Complete genome sequencing and comparative genomic analysis of three donkey Streptococcus equi subsp. equi isolates

• Published in: Frontiers in microbiology Vol. 14; p. 1285027
• Main Authors: Zhang, Yuwei, Lv, FenFen, Su, Yan, Zhang, Huan, Zhang, Baojiang
• Format: Journal Article
• Language: English
• Published: Frontiers Media S.A 01.11.2023
• Subjects: antimicrobial resistance; comparative genomics; donkey; Streptococcus equi; virulence; whole genome sequencing
• ISSN: 1664-302X; 1664-302X
• DOI: 10.3389/fmicb.2023.1285027

Introduction Streptococcus equi subspecies equi ( S. equi ) is the causative agent of strangles, which is one of the most common and highly contagious respiratory infectious illnesses in horses. Streptococcus equi ( S. equi ) is a horse-specific pathogen that originated from the closely related zoonotic pathogen Streptococcus equi subspecies zooepidemicus ( S. zooepidemicus ). Despite decades of research, the movement of genetic material across host-restricted diseases remains a mystery.
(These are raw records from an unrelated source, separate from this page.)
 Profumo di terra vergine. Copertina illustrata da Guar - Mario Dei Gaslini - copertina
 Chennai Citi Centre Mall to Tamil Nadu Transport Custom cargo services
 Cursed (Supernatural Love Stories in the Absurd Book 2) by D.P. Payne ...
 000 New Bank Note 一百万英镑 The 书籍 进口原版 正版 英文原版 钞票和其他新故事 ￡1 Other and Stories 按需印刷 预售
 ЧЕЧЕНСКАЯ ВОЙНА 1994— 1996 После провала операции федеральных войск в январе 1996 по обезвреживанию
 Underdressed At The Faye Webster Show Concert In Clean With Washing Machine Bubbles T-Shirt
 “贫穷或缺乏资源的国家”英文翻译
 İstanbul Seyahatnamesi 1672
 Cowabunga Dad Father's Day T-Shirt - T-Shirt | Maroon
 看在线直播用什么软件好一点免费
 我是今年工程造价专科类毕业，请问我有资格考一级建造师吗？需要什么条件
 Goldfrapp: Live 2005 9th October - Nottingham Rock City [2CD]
Methods Three S. equi donkey isolates (HTP133, HTP232, and HT1112) were recently isolated from a strangles epidemic on donkey farms in China’s Xinjiang Province. In this study, we performed a comprehensive comparative analysis of these isolates using whole genome sequencing and compared them to the published genomic sequences of equine strain S. equi 4047 to uncover evidence of genetic events that shaped the evolution of these donkey S. equi isolates’ genomes. Results Whole genome sequencing indicated that both strains were closely related, with comparable gene compositions and a high rate of shared core genomes (1788-2004). Our comparative genomic study indicated that the genome structure is substantially conserved across three donkey strains; however, there are several rearrangements and inversions when compared to the horse isolate S. equi 4047. The virulence factors conveyed by genomic islands and prophages, in particular, played a key role in shaping the pathogenic capacity and genetic diversity of these S. equi strains. Furthermore, we discovered that the HT133 isolate had a strong colonization ability and increased motility; the HT1112 isolates had a significantly higher ability for antimicrobial resistance and biofilm formation, and the HT232 isolate gained pathogenic specialization by acquiring a bacteriophage encoding hyaluronate lyase. Discussion In summary, our findings show that genetic exchange across S. equi strains influences the development of the donkey S. equi genome, offering important genetic insights for future epidemiological studies of S. equi infection.